→ Exercise data
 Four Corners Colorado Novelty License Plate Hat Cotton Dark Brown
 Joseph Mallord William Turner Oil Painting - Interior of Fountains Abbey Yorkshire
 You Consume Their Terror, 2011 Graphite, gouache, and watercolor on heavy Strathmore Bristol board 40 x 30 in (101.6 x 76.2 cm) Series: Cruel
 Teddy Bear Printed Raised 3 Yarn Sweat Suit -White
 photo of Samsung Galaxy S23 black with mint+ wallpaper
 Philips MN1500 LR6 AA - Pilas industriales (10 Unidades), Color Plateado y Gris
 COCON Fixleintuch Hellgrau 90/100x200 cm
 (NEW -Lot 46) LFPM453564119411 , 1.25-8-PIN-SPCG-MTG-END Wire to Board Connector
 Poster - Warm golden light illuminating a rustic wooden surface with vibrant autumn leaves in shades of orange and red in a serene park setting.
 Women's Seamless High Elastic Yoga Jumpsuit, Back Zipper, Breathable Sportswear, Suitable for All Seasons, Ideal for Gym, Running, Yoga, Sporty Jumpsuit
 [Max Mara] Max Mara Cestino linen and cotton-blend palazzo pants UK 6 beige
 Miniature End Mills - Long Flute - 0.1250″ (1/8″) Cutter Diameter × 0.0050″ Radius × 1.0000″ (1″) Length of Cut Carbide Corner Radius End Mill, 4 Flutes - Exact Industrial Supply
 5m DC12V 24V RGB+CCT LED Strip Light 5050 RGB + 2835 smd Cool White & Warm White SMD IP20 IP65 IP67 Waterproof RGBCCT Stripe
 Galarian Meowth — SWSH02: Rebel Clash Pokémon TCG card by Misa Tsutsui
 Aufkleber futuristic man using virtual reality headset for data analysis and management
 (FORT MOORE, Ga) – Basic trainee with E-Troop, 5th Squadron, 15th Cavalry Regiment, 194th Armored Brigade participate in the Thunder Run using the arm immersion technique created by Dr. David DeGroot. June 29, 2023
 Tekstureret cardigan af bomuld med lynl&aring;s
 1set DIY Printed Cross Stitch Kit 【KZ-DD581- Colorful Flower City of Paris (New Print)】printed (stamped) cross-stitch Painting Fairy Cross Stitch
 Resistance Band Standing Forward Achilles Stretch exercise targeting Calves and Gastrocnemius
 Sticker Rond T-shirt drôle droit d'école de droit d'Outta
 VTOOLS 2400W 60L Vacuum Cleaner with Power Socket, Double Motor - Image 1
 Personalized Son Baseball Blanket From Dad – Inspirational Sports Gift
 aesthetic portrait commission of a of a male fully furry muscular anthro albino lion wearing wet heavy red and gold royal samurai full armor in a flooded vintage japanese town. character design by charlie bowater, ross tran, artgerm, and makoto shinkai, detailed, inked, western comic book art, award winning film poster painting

→ What needs to be done
Please reproduce the lines from the line with "1set DIY Printed" to the line with "Personalized Son Baseball", both ends included, exactly as they appear above.

→ Solution to this exercise
 1set DIY Printed Cross Stitch Kit 【KZ-DD581- Colorful Flower City of Paris (New Print)】printed (stamped) cross-stitch Painting Fairy Cross Stitch
 Resistance Band Standing Forward Achilles Stretch exercise targeting Calves and Gastrocnemius
 Sticker Rond T-shirt drôle droit d'école de droit d'Outta
 VTOOLS 2400W 60L Vacuum Cleaner with Power Socket, Double Motor - Image 1
 Personalized Son Baseball Blanket From Dad – Inspirational Sports Gift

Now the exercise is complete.